¿Qué podemos hacer?
Si durante los primeros años de esta Gran Recesión varios cineastas nos mostraron que las supuestas bondades del sistema económico ultraliberal fueron una auténtica falacia —como se encargó de analizar Enrique Pérez en su artículo Los cachorros del capitalismo—, la actitud de la industria cinematográfica ha ido pasando paulatinamente de una militancia de repulsa por ese pasado de embustero esplendor hacia un talante más pragmático, mostrando las posibles alternativas que cada uno de nosotros puede tomar para superar —o, al menos, minimizar— las funestas consecuencias de la crisis económica.
Este estado de las cosas ya se nos mostró durante la ceremonia de entrega de los Oscar de este 2012, en la cual las nueve nominadas a mejor película contenían un fuerte componente de superación personal frente a un entorno hostil, donde los protagonistas luchan por alcanzar su identidad y su reconocimiento a pesar de lo que los condicionantes externos que aparecen en su contra.
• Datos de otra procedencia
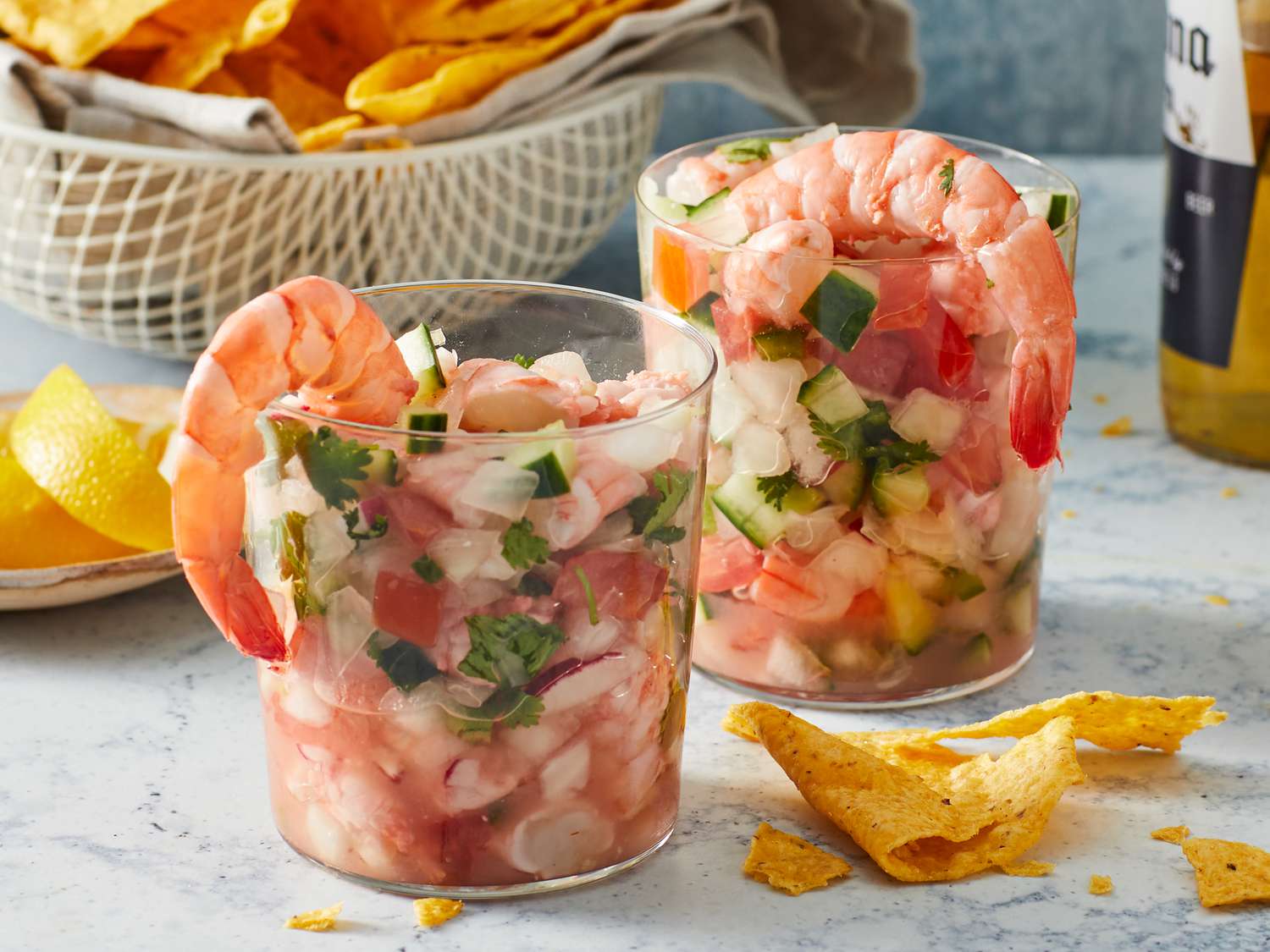 ceviche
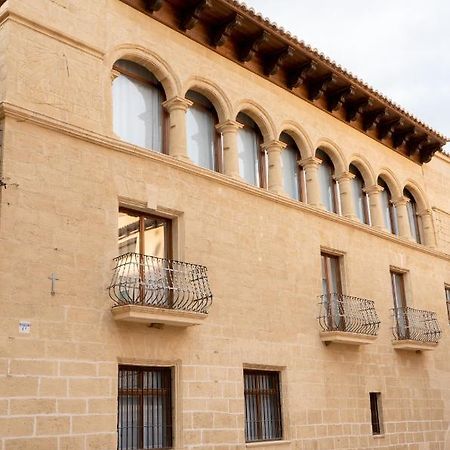 Hotel Baron Andilla Valdealgorfa المظهر الخارجي الصورة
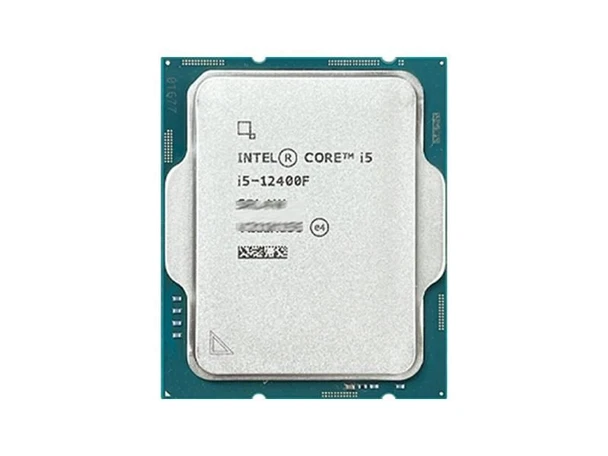 Buy the Intel Core i5 12400F 6 Core LGA 1700 CPU - OEM Package Without Cooler ( BX8071512400FOEM ). Shop online at Extremepc.co.nz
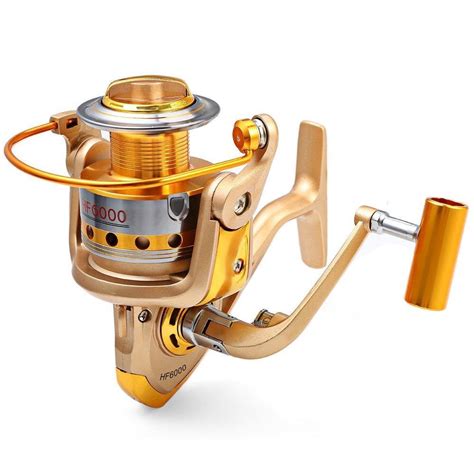 Benefits of buying clearance fishing reels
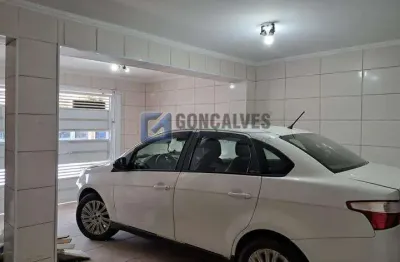 Casa com 2 quartos à venda na Rua Apolônio Monteiro da Mota, Parque Selecta (Montanhão), São Bernardo do Campo, 270 m2 por R$ 650.000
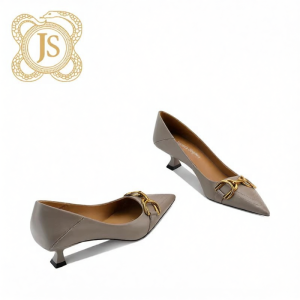 JESSICA SOPHIA | Comfortable Soft Leather Womens Shoes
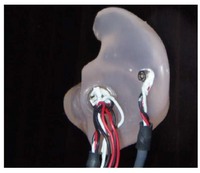 MIMO earpiece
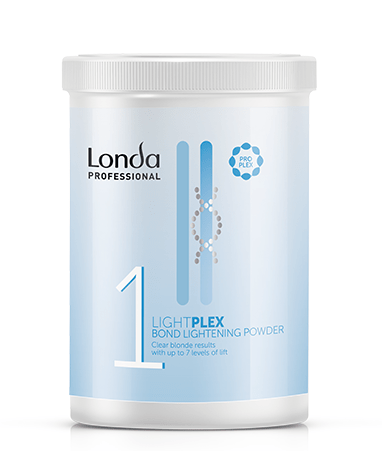 Londa Lightplex Vitgörande medel Steg 1 500 g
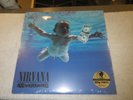 Nirvana – Nevermind. Vinyl LP Record Album. Sealed. Pallas Pressing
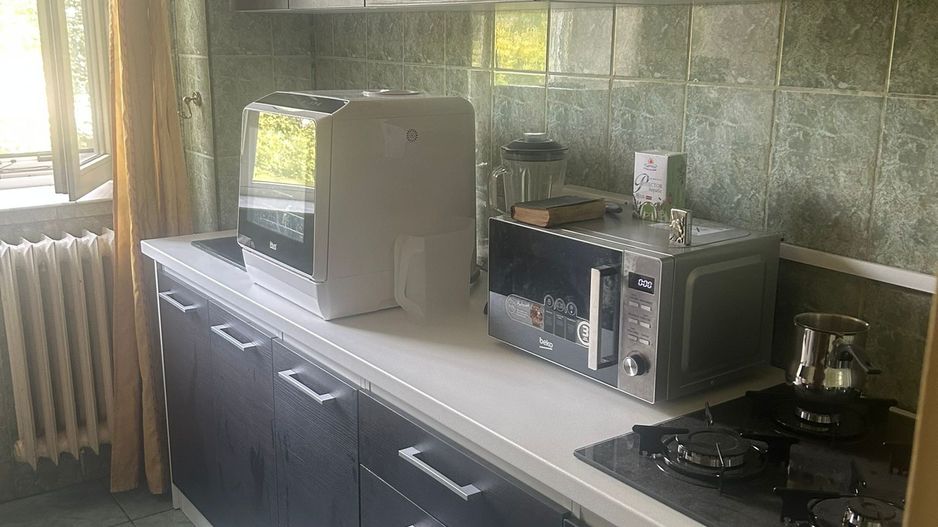 Apartament 2 camere, etaj 3, Trivale, la intrare in cartier - Poză 11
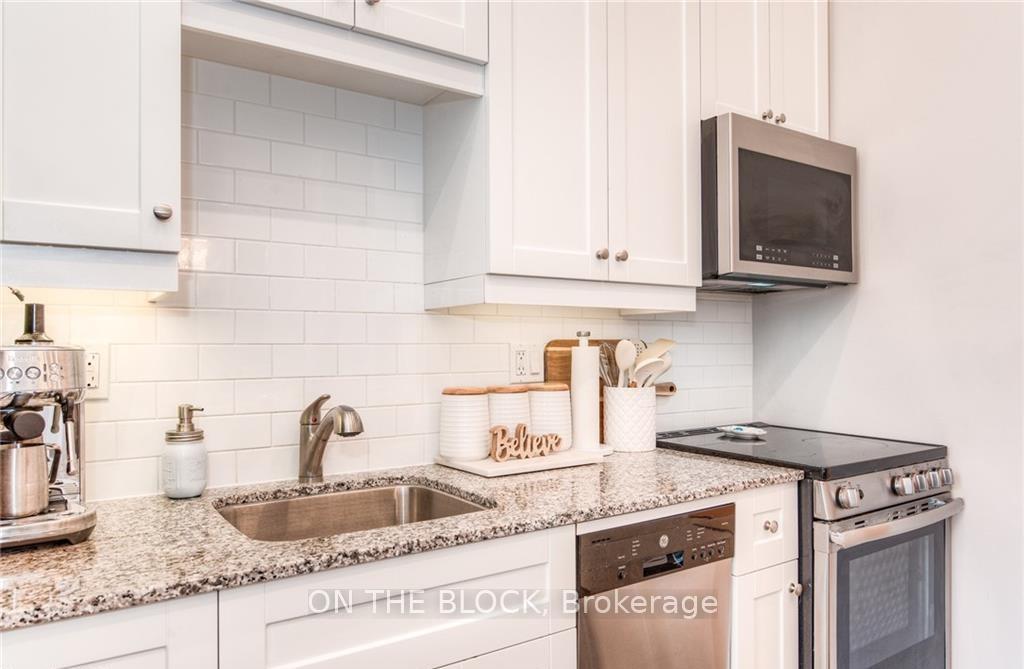 Photo 10 of Unit 315, 100 Garment Street, Kitchener, City Commercial Core — HOMEH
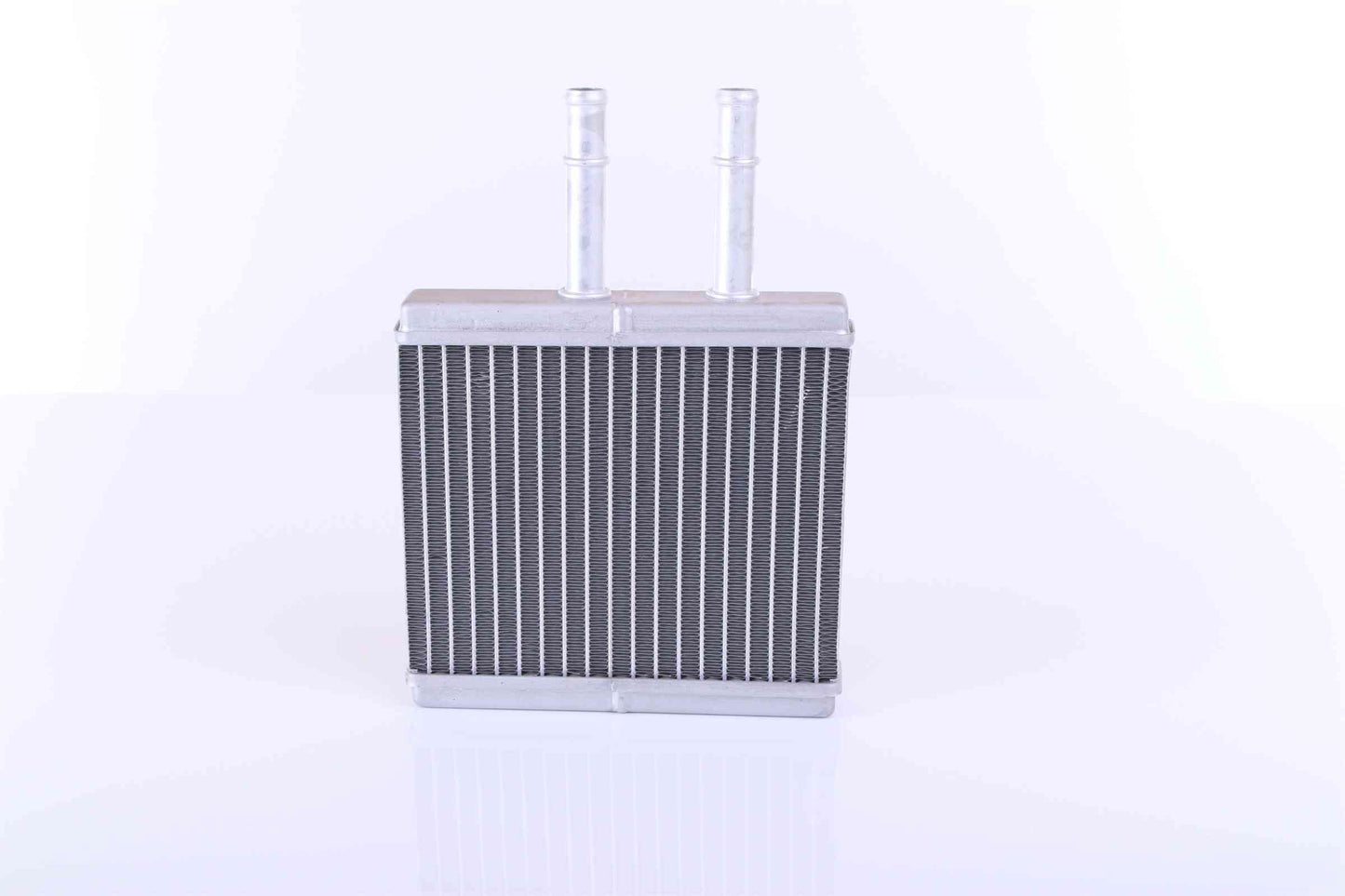 Nissens HVAC Heater Core 76504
Que siete de ellas estuvieran ambientadas en el pasado sólo puede redundar en lo dicho anteriormente, pues instalar un argumento en tiempos pretéritos nos lleva a vincular nuestro presente con la época representada, estableciendo la necesaria comparativa de aquellos días con los nuestros para acentuar los aspectos más destacados de nuestra realidad. Y que la ganadora por KO técnico de todas ellas fuera The Artist (íd., Michel Hazanavicius, 2011) resultó ser de lo más significativo y gratificante, pues su forzado estilo estaba milimétricamente escogido para ser inmediatamente superado, centrándose su trama en un contexto sospechosamente parecido al actual: crisis financiera, fin de una época de bonanza y advenimiento de una tecnología que invita a adaptarse o morir. Toda una alegoría de nuestra sociedad actual —en general— y de la industria cinematográfica —en particular.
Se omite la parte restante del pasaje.